Dirigido por Levan Akin, “Caminhos Cruzados” mantém-se firmemente enraizado na realidade nua e crua, retratando grupos marginalizados em uma grande metrópole sem glamourizar suas condições, mas dando visibilidade a uma complexa rede de cooperação e solidariedade entre eles. Paralelamente, acompanhamos uma dupla improvável em busca de objetivos distintos, mas que, ao longo do tempo, acabam se entrelaçando, ultrapassando fronteiras reais e simbólicas.

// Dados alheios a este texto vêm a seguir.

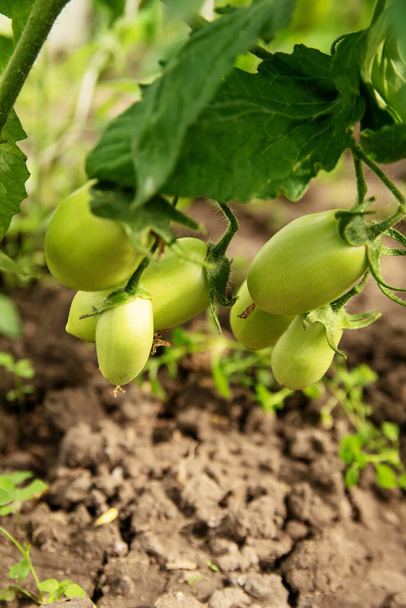 Green tomatoes hang on branches and grow in a greenhouse - Foto, afbeelding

Na trama, acompanhamos Lia (Mzia Arabuli), uma professora aposentada que vive na Geórgia. Em busca de sua sobrinha Tekla, Lia recebe a notícia de Achi (Lucas Kankava), um jovem local, de que Tekla cruzou a fronteira e agora reside na Turquia. Determinada a encontrar sua sobrinha, Lia viaja para Istambul, onde mergulha nas profundezas da cidade, embarcando em uma jornada que é ao mesmo tempo física e espiritual.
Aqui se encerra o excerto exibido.